Law school didn’t dampen my affair with alcohol. In fact, I’m pretty sure it intensified it. My friends and I would spend evenings debating the theories of crime and punishment, or whether Ross and Rachel would ever end up together. And all the while, we had bottles of beer, wine, whiskey and vodka flowing freely around us. I got married while in law school. That lasted for about a year. My ex-husband didn’t appreciate the fact that I would spend all night out with my friends at the bar and not tell him where I was. Apparently stumbling home at 4 a.m. reeking of booze and throwing up in the bathroom until it was time to leave for class again isn’t acceptable when you’re married. We parted amicably and have since become friends again, thanks to making amends through the AA program.
Again, I graduated at the top of my class, receiving awards for excellence. And I had an offer to work for one of the most prestigious law firms in Ohio. They were going to pay me to study for the bar exam.

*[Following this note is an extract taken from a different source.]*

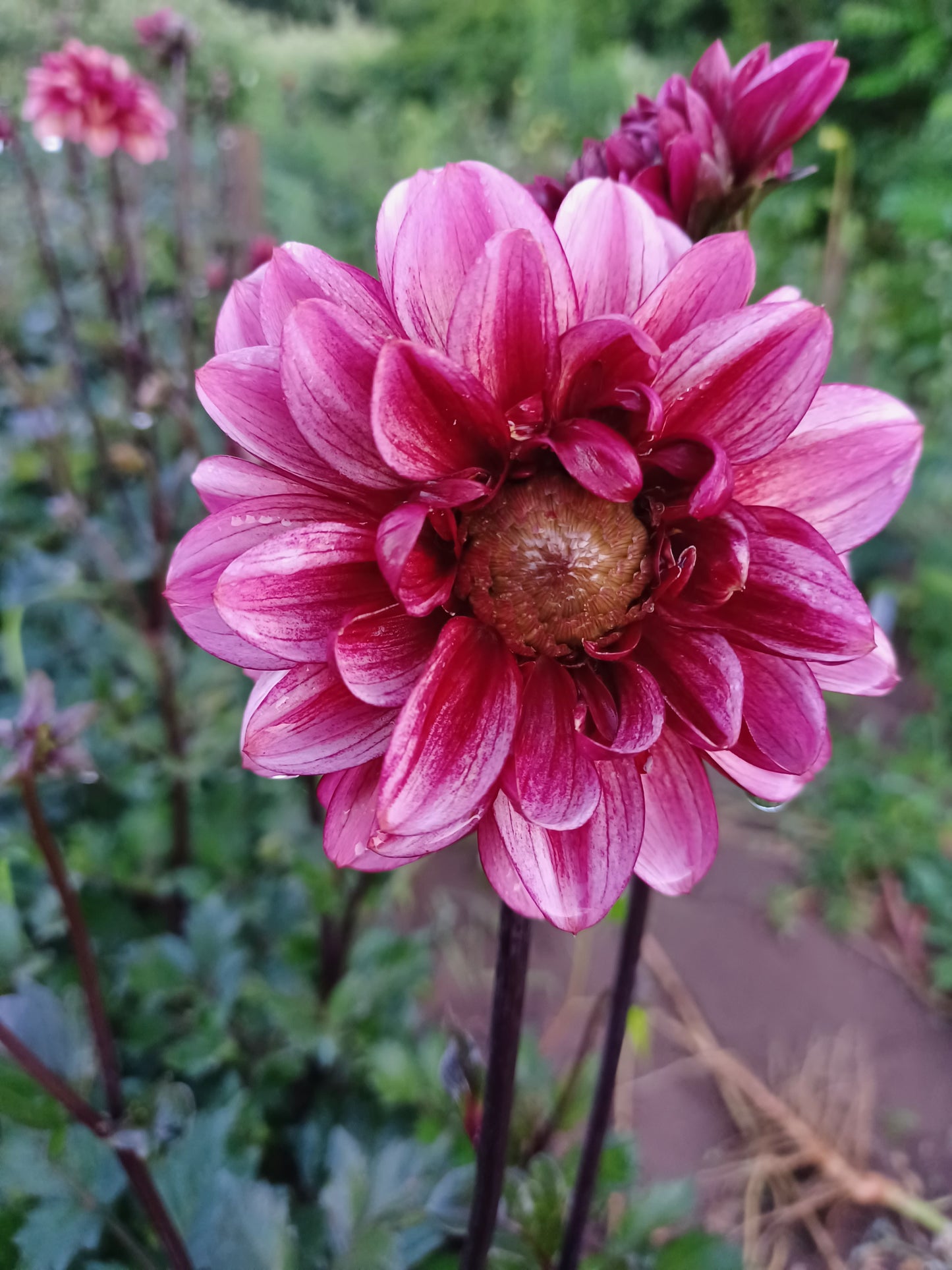 Seniors Hope Dahlia Tuber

I studied for the bar exam with those same friends, and our drinking didn’t waver. We all passed the bar on the first try. I passed with plenty of room to spare, and in my mind I thought, “I must have studied too hard. I didn’t need to pass by this much.”
I spent my first 12 years of being a lawyer as a fairly successful litigator. I won more cases than I lost. I had made a name for myself within my law firm and within the court system. I argued in front of the Supreme Court of Ohio. Television stations, magazines and newspapers interviewed me about my cases. And all the while, I continued my affair with the bottle. Clearly, with all of my successes, I didn’t have a drinking problem. I was a great drinker.

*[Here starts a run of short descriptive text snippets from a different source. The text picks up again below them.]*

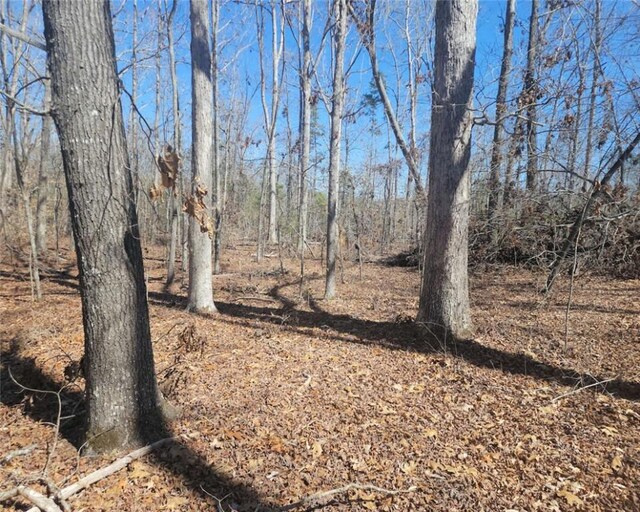 00 Knight Rd, Gray Court, SC 29645 - photo 9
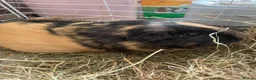 Guinea Pig rodents for sale: Chichester- 2 female guinea pigs for sale £30  in Chichester - Advert 4
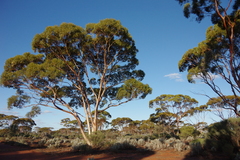 Eucalyptus salmonophloia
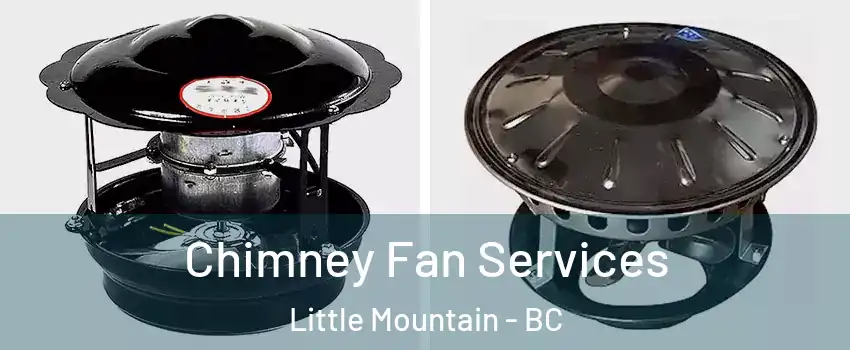  Chimney Fan Services Little Mountain - BC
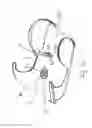 Fig. 11 - Safety belt clip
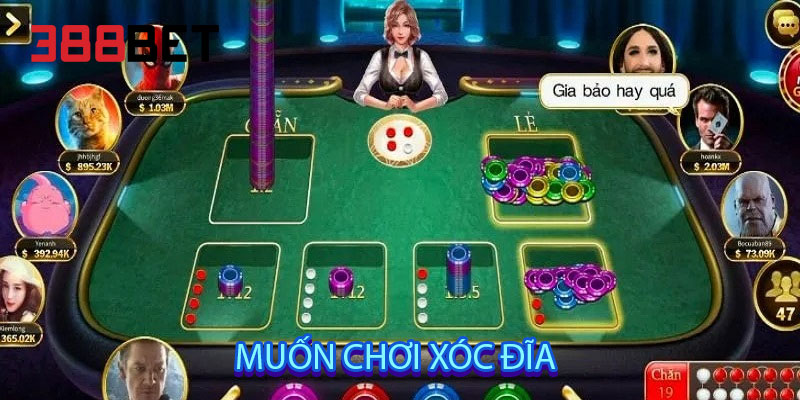 Muốn chơi xóc đĩa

I got married again a few years before I was set to make partner at the law firm. My new husband was OK with my drinking. In fact, he joined me enthusiastically in it. We would go out for dinner, and it wouldn’t be uncommon for us to walk out of a restaurant having paid a $300 bill, with $220 of it coming from our alcohol consumption. That was our routine two, maybe three times a week.
Our routine changed a bit when we had our children. Three wonderfully healthy kids who are to this day, the lights of my life. I didn’t drink when I was pregnant, so clearly I didn’t have a drinking problem. I didn’t drink often after I had the children. Every once in a while I would have a glass of wine, but only when I knew that someone was watching the baby.
After the kids were older, I returned to my old ways. I started out just having a glass or two of wine a night, or two or three beers, depending on where we were. Within a couple of months, I was drinking a bottle of wine with dinner, and then I would have a nightcap, which usually consisted of one or two very large glasses of whiskey or port.
The stress of being married, of having a demanding job—I’d been promoted by that time—and of raising my children while their father increasingly disappeared during the evenings, began to get to me. I became snappish with my children. I began peppering my husband with questions as to his whereabouts. I began doing the bare minimum to keep my job. And while all of these duties slid down the list, I always made sure that I had wine chilled in the fridge, beer in the other fridge and a fully stocked bar.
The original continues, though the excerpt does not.